SF supes reject appeal for Google bus pilot
San Francisco Board of Supervisors rejected an appeal that would have subjected an 18-month pilot program allowing private commuter shuttles to use Muni bus stops to a review under the California Environment Quality Act.
The board voted 8-2 to reject the appeal filed by SEIU Local 1021, The League of Pissed Off Voters and the Harvey Milk LGBT Democratic Club in February.
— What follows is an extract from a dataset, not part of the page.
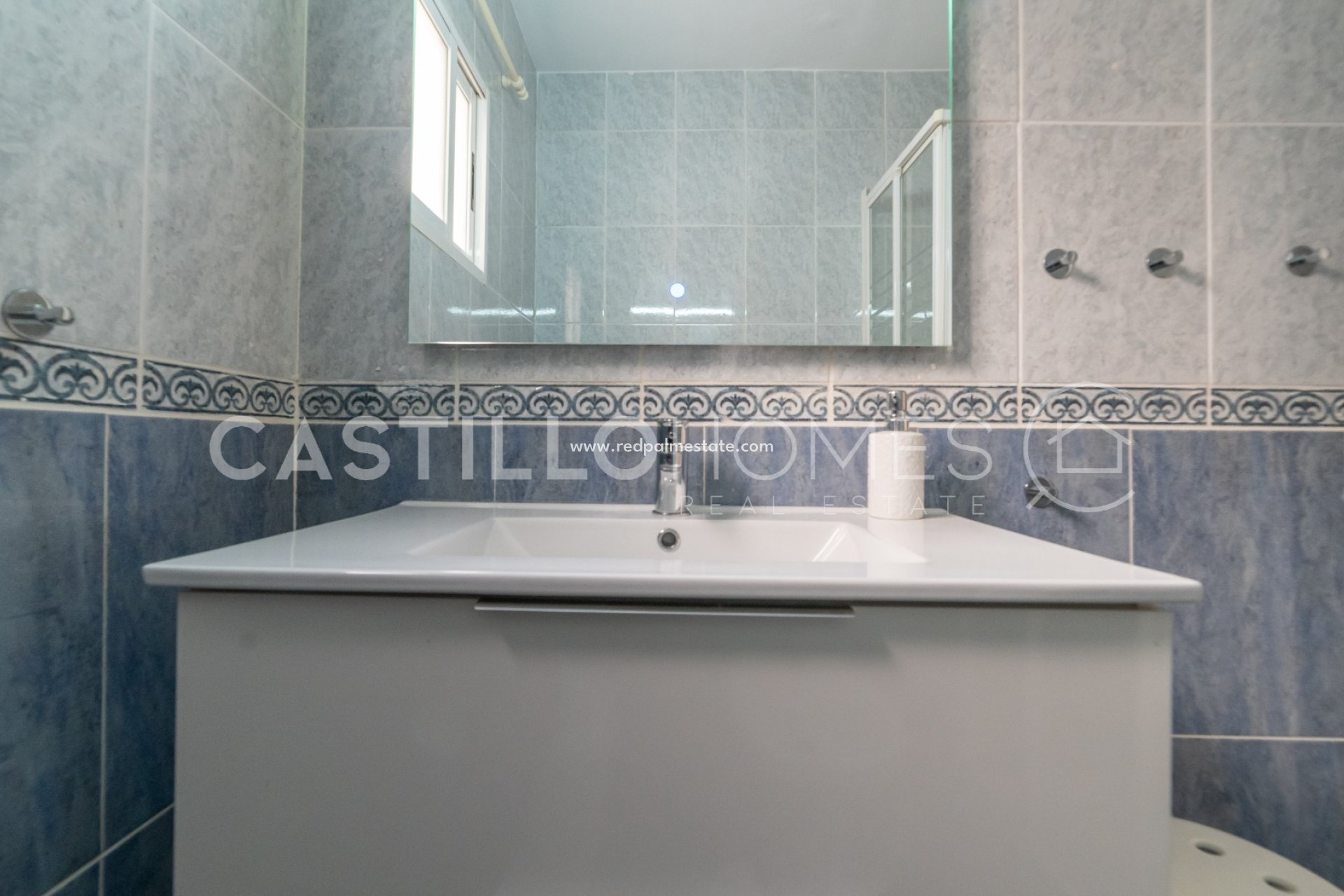 Resale - Apartments -
Torrevieja - Playa del Cura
Supervisors David Campos and John Avalos voted in favor of the environmental review.
The hearing, which lasted for over six hours at Tuesday’s board meeting, had testimony from members of the organization who filed the appeal and City residents who said the private commuter shuttles not only block and delay Muni buses, but have also affected rent increase and evictions in neighborhoods where commuter shuttles stop to pick up employees to tech companies.
Attorney Richard Druary said the program was the opposite of affirmative action:
“We’re busing wealthy, predominantly white adults into low-income neighborhoods, where they in turn displace low-income people.”
Druary, who represents the groups that filed the appeal, also said to the board that the impact of the shuttles can cause health impacts to residents because the commuter shuttles use diesel fuel.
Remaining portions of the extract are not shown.